La construction du moulin :

C’est au début du XVIIème siècle qu’apparaissent les premiers indices de ce moulin. Un document, conservé dans son intégralité, fait état d’un départ de construction du moulin. Il s’agit d’une convention en date de 1607, écrite en Béarnais.

Suite à cette convention, les travaux ne se réalisent pas. L’absence de documents ne nous permet pas de l’affirmer, mais il est fort probable que le décès du maître d’oeuvre Tristan Lassalle en soit la cause.
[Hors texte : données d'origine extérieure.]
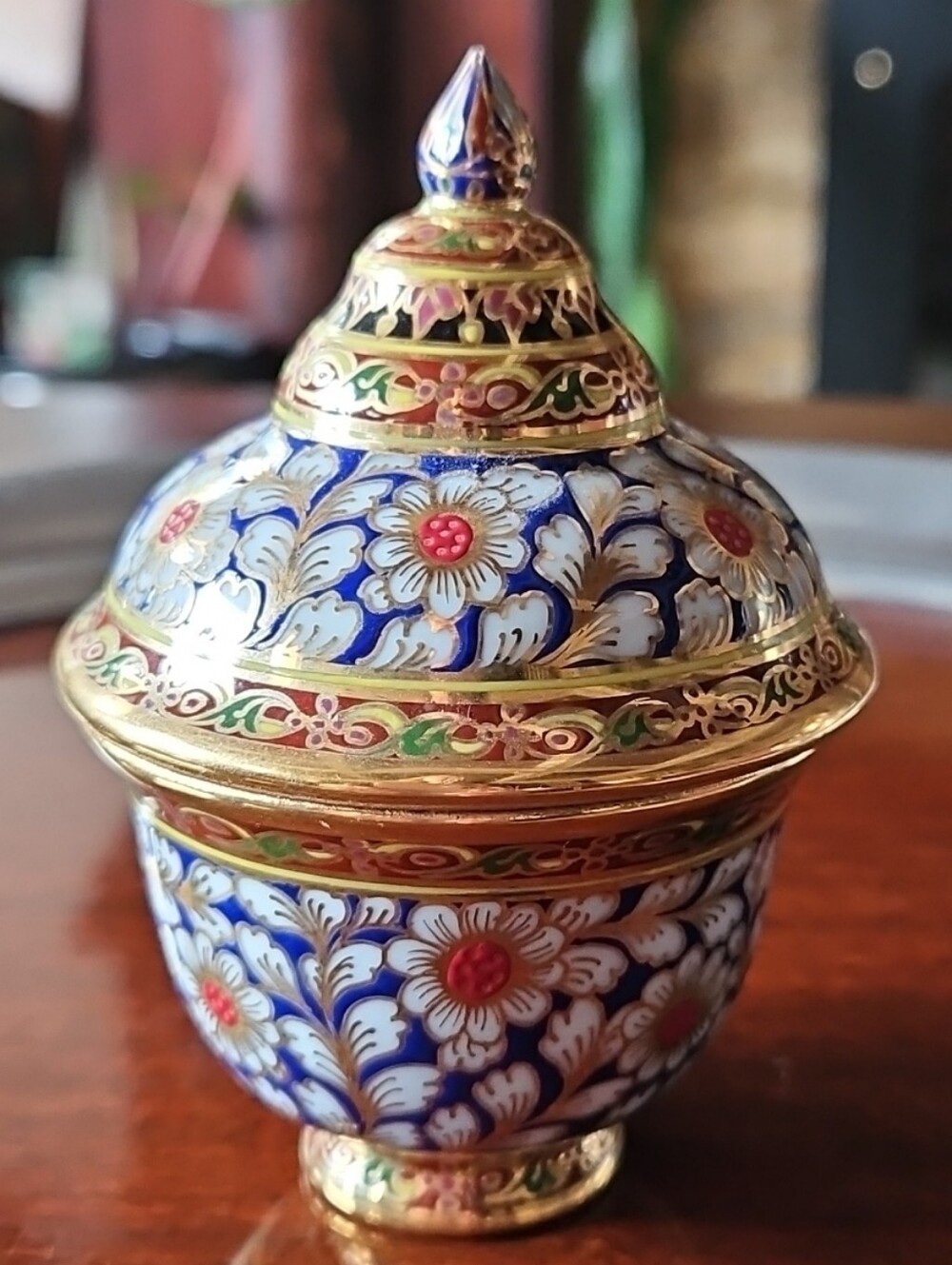 Thai Benjarong 18K Gold Painted Trinket Box - Floral Lidded Porcelain Jar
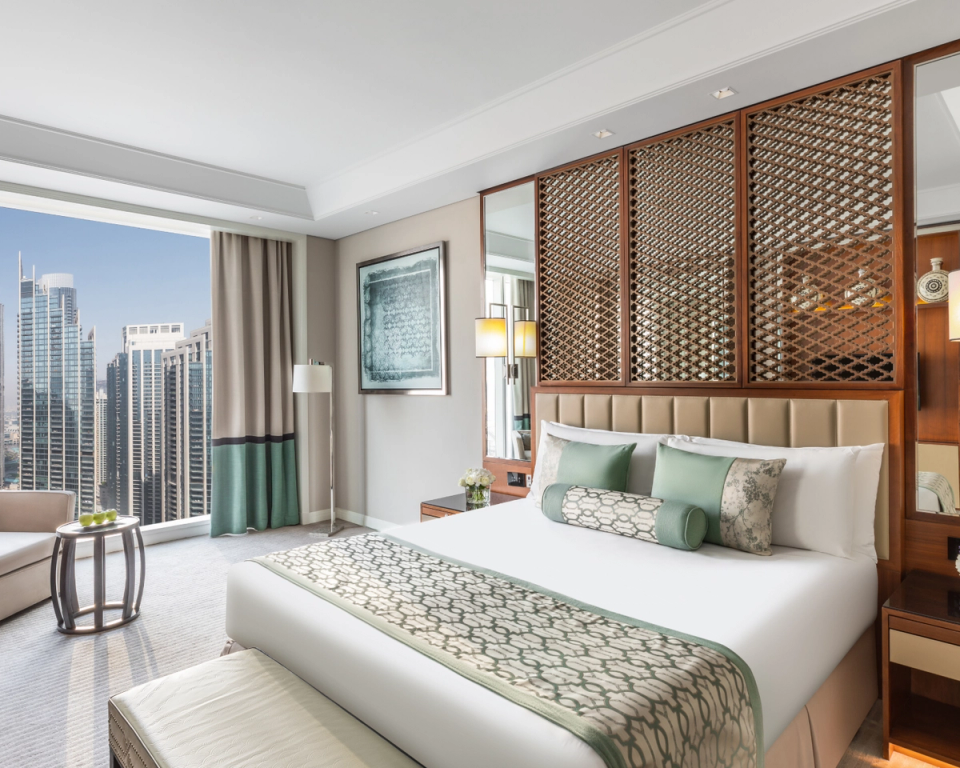 Luxury Burj View Room King Bed - Taj Dubai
Enfin les années passent et ce n’est que vers l’année 1677 que les pères Barnabites du collège de Lescar reprennent le projet de construction d’un moulin à farine sur les communautés de Poey et Verdets le long des rives du gave, au lieu dit Artigues, ainsi que le témoigne l’acte passé à l’étude de Maître Lanne, notaire d’Oloron.

Un troisième document nous éclaire sur l’acquisition et continuité du canal jusqu’au gave.

Le meunier Sibade :

Des fragments en provenance d’un vieux livre de compte font état du meunier Sibade en 1714. On trouve que ce dernier reçoit une somme de 10 francs de la part d’un certain Capdevielle de Poey, en décharge d’un compte vieux.

Des transactions de maïs, de blé, de seigle et autres céréales sont consenties entre Sibade et les particuliers de Poey, de Verdets et quelque fois d’Orin. On note aussi du négoce sur plusieurs sacs de sel dont le meunier est détenteur. Enfin, un document plus explicite relate que le meunier Sibade a fourni plusieurs mesures de farine en date de 1792 pour un client dont le nom n’est pas évoqué.